**Try it**
From the data that follows, print exactly the lines starting at the one containing "A person with" and ending at the one containing "213 Bostian Lake"; include both of them and nothing more.

(Provided data begins)

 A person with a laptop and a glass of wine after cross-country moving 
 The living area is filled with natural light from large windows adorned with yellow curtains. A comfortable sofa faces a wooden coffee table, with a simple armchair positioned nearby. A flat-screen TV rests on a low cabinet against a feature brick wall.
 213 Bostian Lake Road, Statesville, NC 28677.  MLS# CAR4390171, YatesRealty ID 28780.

(Provided data ends)
(Provided data begins)

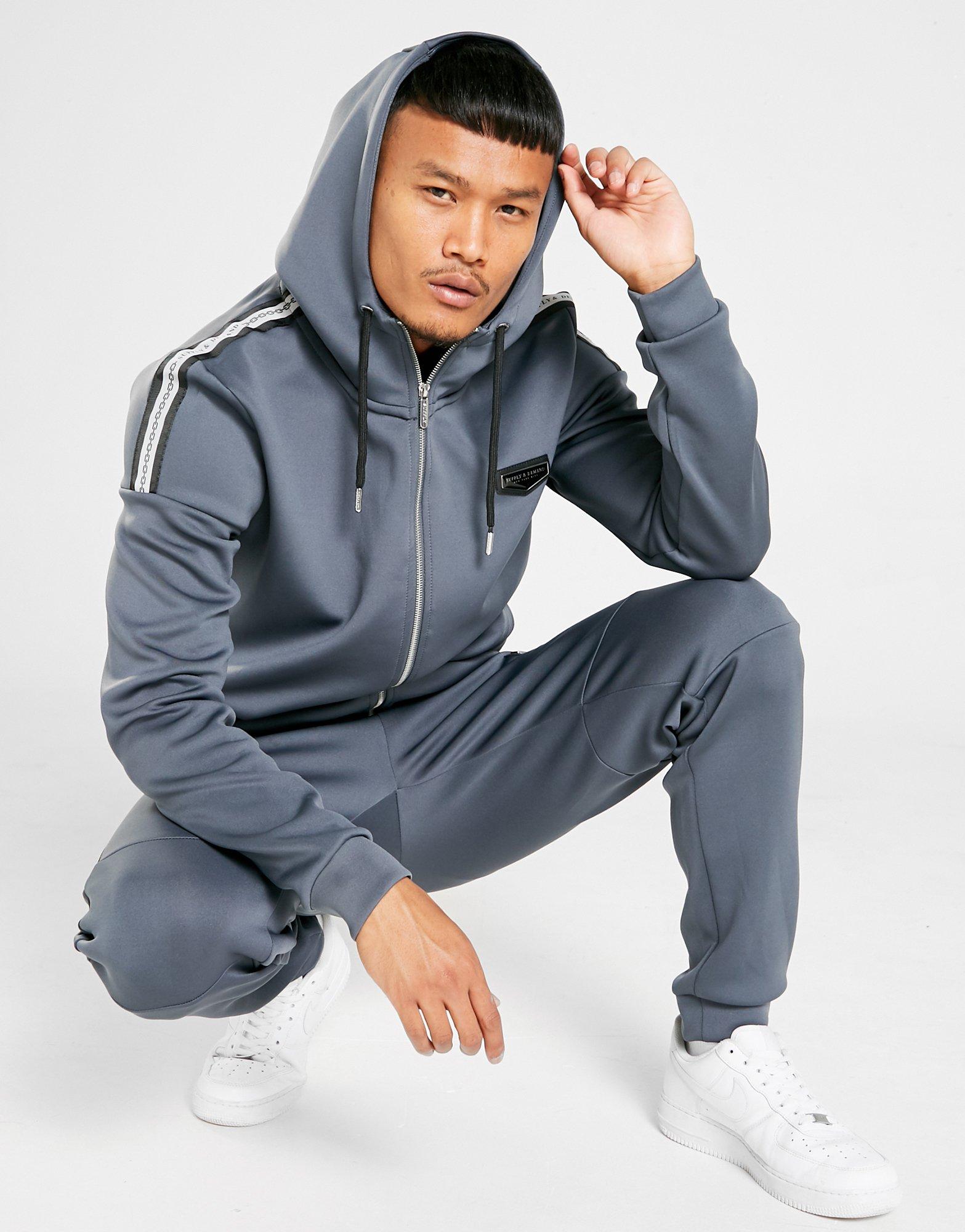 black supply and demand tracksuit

(Provided data ends)

**Solution below**
 A person with a laptop and a glass of wine after cross-country moving 
 The living area is filled with natural light from large windows adorned with yellow curtains. A comfortable sofa faces a wooden coffee table, with a simple armchair positioned nearby. A flat-screen TV rests on a low cabinet against a feature brick wall.
 213 Bostian Lake Road, Statesville, NC 28677.  MLS# CAR4390171, YatesRealty ID 28780.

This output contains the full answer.